Facing Adam in his office, before Olive can reveal her encounter with Tom, he announces he got his funding, so their ‘fake’ relationship is over. She leaves heartbroken, but Anh encourages her. Olive finds a place at Stanford to continue her work.

During a chance meeting between Anh and Adam, she reveals what Tom did, infuriating Adam. He confronts Tom, interrupting his class, and vowing to end his career. Olive sees a live stream of the confrontation, so seeks Adam out, berating him for his rejection. He apologizes, confessing he also has real feelings for her. They reconcile and agree to start their relationship again in earnest.

Two years later, Olive and Anh both have their PhDs, and are teaching at Stanford alongside Adam, who is still happily together with Olive.

==Cast==
- Lili Reinhart as Olive Smith
- Tom Bateman as Dr. Adam Carlsen
- Rachel Marsh as Anh Pham
- Jaboukie Young-White as Malcolm Browne
- Nicholas Duvernay as Jeremy Langley
- Arty Froushan as Dr. Thomas Benton
- Jeananne Goossen as Dr. Juliet Aslan
- Aladeen Tawfeek as Dr. Eugene Fastuca
- Kenny Wong as McConnell
- Daniel Brochu as Dr. Hargrave
- Alexandra Petrachuk as Natalie Lazotti
- Howard Bilerman as Dr. Keeney

==Production==
The film adaptation of Ali Hazelwood's 2021 novel was announced in October 2022 by Bisous Pictures. Claire Scanlon was attached to direct from a script by Sarah Rothschild, while Elizabeth Cantillon joined as a producer for Amazon MGM Studios and MRC. The film stars Tom Bateman and Lili Reinhart, whose casting was announced in July 2025. Rachel Marsh, Nicholas Duvernay, Jaboukie Young-White and Arty Froushan joined them in August 2025. Principal photography took place in Montreal, Canada, in July and August 2025.

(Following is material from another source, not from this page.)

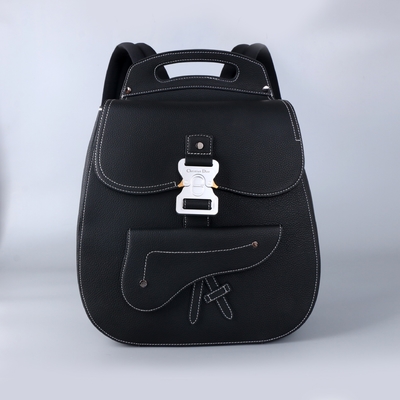 Men Essentials Christian Dior Gallop Backpack หนังเกรนสีดำ Calf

Laura Karpman was hired to compose the score for the film. Karpman previously collaborated with Scanlon on the film Set It Up (2018).

==Release==
The film premiered on Prime Video on September 23, 2026.

== Reception ==
  Metacritic, which uses a weighted average, assigned the film a score of 59 out of 100, based on seven critics, indicating "mixed or average" reviews.